Appellate Judges Skewer Texas Abortion Limits

     NEW ORLEANS (CN) – The 5th Circuit on Wednesday heard arguments on whether a Texas law that requires stricter building codes and hospital admitting privileges for abortion clinics imposes an “undue burden” on women.
     The law, Texas HB2, requires facilities that provide abortions to meet ambulatory surgical center requirements, including hospital-style equipment and wider hallways – improvements that opponents say could cost clinics millions.
     During oral argument Wednesday, Judge Catharina Haynes questioned the importance of the state’s requirements.
     For instance, Haynes asked, why does the state specify a clinic must be 7,000 square feet?
     “Why can’t you have a sterile environment in a 3,000-foot” clinic? Haynes asked.
     Texas Solicitor General Jonathan Mitchell said the requirement will improve safety.
     Haynes was skeptical.
     “The effect has been, at least in West Texas, that there are effectively” no remaining abortion clinics, Haynes said.
     Later, during rebuttal, Haynes addressed the state’s intent again, when she asked whether Texas thought the stringent requirements would be good for citizens, but as the requirements were put into effect they turned out to not be so useful.
     Another new requirement, which was touched on during oral argument but was not subject for debate Wednesday, is a mandate that abortion providers have admitting privileges to a hospital within 30 miles of the clinic.
     Before the two laws – building codes and hospital admitting privileges – were introduced, Texas had roughly 40 abortion clinics.
     If the state’s surgical requirement goes into effect, only about eight clinics will remain open.
     As a result, women in some parts of the state will have to drive hundreds of miles to have an abortion in Texas.
     Haynes and Judge Jennifer Elrod wondered whether long trips to abortion clinics would help or hurt women’s health.
     Haynes said she could see that while Texas claims the new requirements are good for women and that any problems may be down the road, maybe “down the road” is literally where a problem could lie – “where a woman is literally driving down the road, in the middle of nowhere in West Texas, when she starts bleeding profusely [from a botched abortion].”
     “We all know how desolate West Texas is,” Haynes said, “not a gas station sometimes for miles.”
     Doesn’t driving along bleeding for miles “pose a threat to women’s health?” Haynes asked.
     Mitchell, on behalf of Texas, said that women from El Paso are not driving hundreds of miles to get an abortion at the closest Texas clinic; they are simply crossing the border and having abortions in New Mexico.
     But if Texas “restrictions are so necessary,” Haynes asked, “why send women off across the border” to an “unprotected place, where, arguably, the restrictions are lesser?”
     “That seems hypocritical,” Haynes said.
     “It’s never been illegal to cross state lines to get an abortion,” Mitchell said.
     This was the second go-round for the 5th Circuit on this issue.
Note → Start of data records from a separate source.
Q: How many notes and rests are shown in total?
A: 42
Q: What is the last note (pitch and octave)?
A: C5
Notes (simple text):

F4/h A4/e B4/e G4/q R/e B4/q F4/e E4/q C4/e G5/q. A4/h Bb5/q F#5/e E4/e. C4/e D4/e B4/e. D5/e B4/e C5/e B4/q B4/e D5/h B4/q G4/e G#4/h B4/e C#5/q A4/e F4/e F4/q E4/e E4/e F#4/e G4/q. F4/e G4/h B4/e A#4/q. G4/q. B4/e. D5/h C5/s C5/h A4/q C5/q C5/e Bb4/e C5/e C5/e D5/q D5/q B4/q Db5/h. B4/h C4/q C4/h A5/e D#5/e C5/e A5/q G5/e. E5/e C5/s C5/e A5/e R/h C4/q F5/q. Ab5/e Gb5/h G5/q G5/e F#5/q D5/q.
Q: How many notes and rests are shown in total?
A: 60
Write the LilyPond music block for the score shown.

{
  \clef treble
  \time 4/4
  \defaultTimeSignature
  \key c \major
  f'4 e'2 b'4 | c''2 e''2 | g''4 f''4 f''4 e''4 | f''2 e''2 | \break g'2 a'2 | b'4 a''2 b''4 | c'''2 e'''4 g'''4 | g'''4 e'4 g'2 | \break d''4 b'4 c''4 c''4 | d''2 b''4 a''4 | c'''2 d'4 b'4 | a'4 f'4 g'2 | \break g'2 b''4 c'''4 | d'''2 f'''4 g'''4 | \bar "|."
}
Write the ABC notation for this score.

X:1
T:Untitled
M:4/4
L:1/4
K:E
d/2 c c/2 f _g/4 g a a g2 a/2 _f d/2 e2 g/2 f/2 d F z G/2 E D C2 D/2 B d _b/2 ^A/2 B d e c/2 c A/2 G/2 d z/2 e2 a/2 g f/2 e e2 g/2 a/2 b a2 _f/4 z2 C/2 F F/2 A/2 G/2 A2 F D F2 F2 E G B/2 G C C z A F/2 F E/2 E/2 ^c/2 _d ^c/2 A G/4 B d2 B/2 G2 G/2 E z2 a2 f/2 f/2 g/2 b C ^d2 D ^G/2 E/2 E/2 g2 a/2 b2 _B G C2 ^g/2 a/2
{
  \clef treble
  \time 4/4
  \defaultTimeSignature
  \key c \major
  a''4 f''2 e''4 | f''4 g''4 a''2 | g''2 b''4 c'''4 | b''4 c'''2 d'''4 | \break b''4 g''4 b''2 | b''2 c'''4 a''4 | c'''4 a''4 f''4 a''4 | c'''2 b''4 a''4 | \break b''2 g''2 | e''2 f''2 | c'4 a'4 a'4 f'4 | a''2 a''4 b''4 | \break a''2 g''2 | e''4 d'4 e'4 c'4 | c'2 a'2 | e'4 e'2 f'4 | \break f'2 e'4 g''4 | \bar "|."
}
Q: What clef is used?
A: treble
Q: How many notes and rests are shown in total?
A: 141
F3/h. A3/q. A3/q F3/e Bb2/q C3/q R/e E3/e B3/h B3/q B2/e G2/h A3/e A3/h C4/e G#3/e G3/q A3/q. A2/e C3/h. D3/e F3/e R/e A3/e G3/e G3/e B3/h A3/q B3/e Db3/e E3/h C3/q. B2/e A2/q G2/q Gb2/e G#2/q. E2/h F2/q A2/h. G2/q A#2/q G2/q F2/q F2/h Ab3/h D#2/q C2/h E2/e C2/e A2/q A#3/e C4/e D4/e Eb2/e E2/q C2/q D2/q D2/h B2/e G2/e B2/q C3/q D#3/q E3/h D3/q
In October 2014, two weeks after hearing arguments on the same topic, the 5th Circuit ruled that surgical center requirements do not create an undue burden.
     But two weeks later, the U.S. Supreme Court stayed the 5th Circuit ruling , allowing abortion facilities to remain open pending appeal.
     All three judges on the Wednesday panel – Haynes, Elrod and Edward Prado – were appointed by President George W. Bush.
     Elrod sat on the 5th Circuit panel that found for the State of Texas in this issue last September.
     Outside the courthouse after the hearing, Joe Pojman, executive director of the Texas Alliance for Life, told reporters abortion will still be legal in Texas, there will just be fewer clinics operating.
     David Brown, of the plaintiff Center for Reproductive Rights, told Courthouse News that he was pleased to see the judges were so interested in the issue.
     “I was very pleased to see the judges had so many probing questions, and that they think it’s important,” Brown said. “I was happy to see the court appreciates the impact that a law that would close 80 percent of the clinics” would have if it were to go into effect.